EXERCISE DESCRIPTION: All lines from the one containing "Moderne Handschrift Name" through the end of the material below are to be printed exactly, both ends included, minus pictures.
* * * *
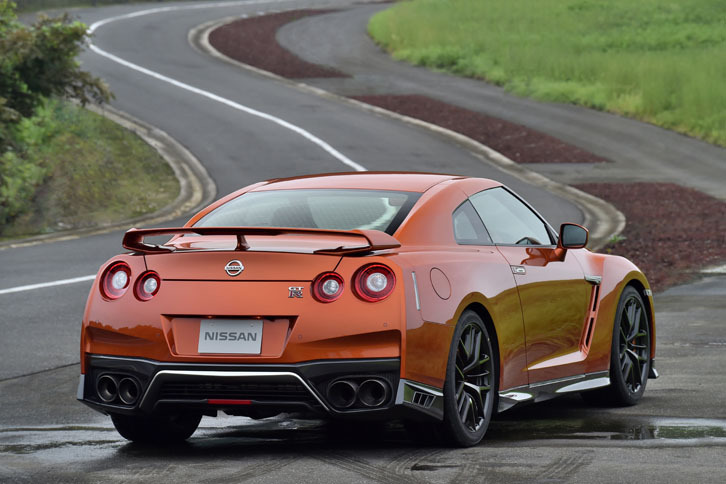 試乗車のボディーカラーは新色の「アルティメイトシャイニーオレンジ」。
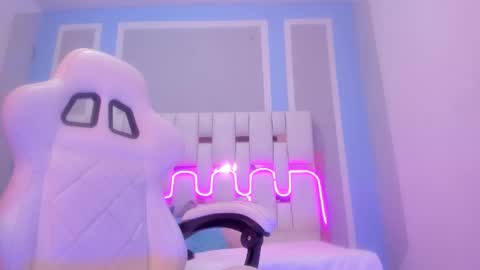 Snapshot of milkwhore1 chatting on 02.11.26 Michelle online show from 02.11.26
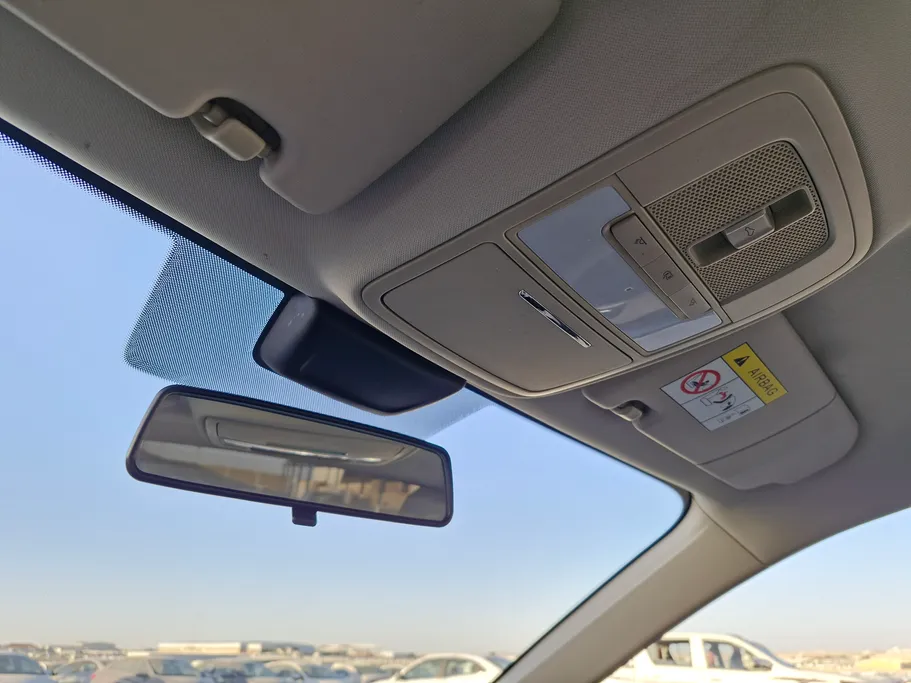 ام جي 5 LUX 2023 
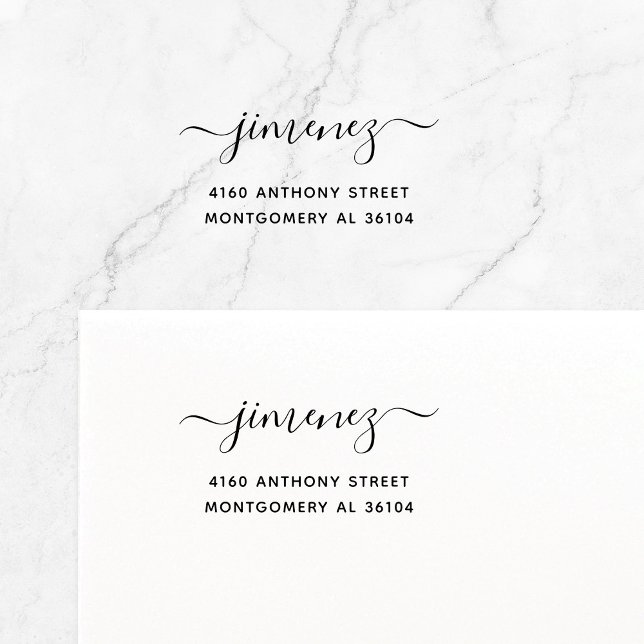 Moderne Handschrift Name & Rücksendeadresse 08c. Permastempel (Modern, elegant calligraphy font with swashes family name self-inking return address stamp.)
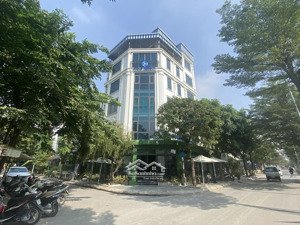 cho thuê biệt thự mễ trì hạ đối diện keangnam 200 mét 5 tầng lô góc, thang máy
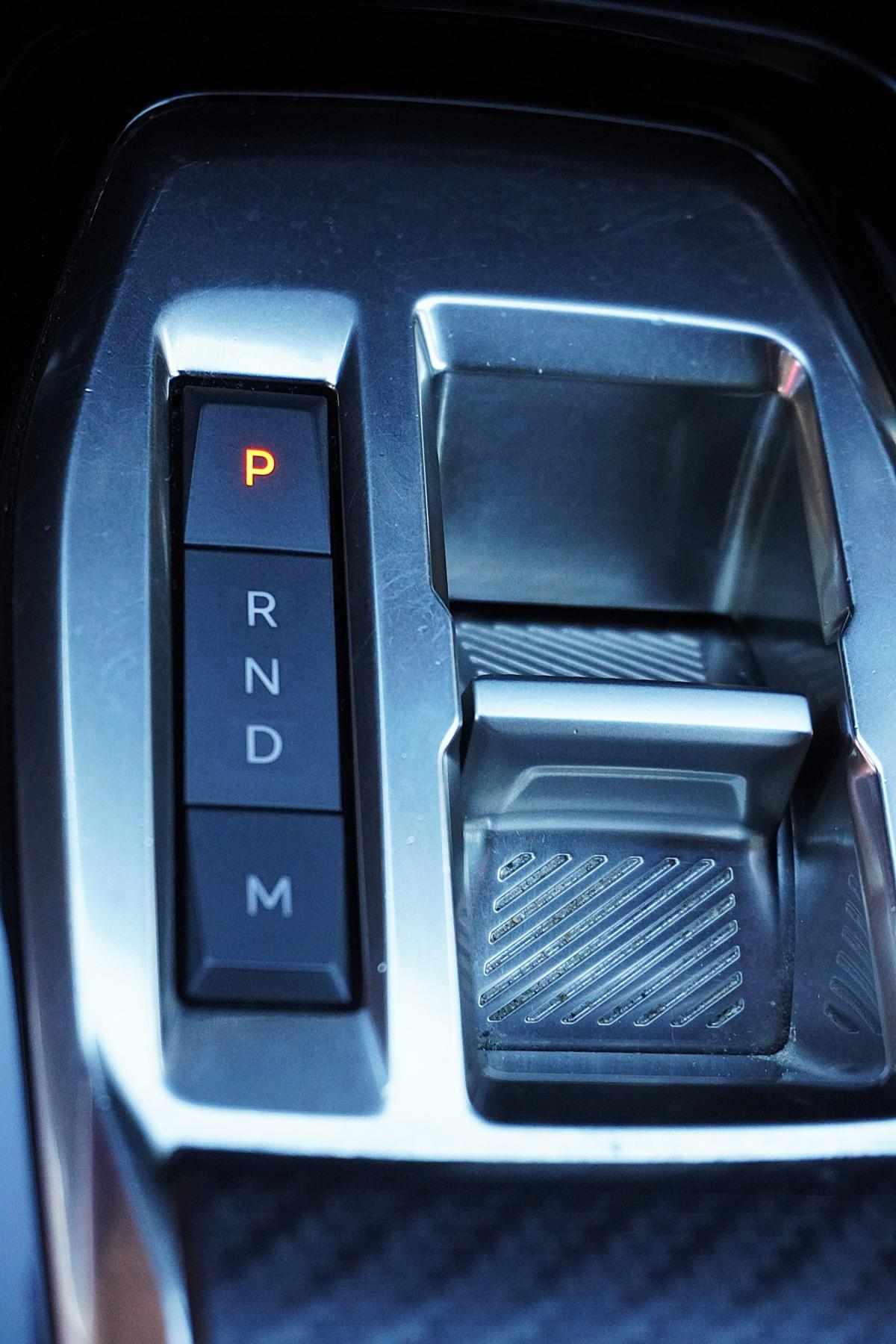 peugeot-208-2023-gasolina-1199cc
* * * *
ANSWER:
 Moderne Handschrift Name & Rücksendeadresse 08c. Permastempel (Modern, elegant calligraphy font with swashes family name self-inking return address stamp.)
 cho thuê biệt thự mễ trì hạ đối diện keangnam 200 mét 5 tầng lô góc, thang máy
 peugeot-208-2023-gasolina-1199cc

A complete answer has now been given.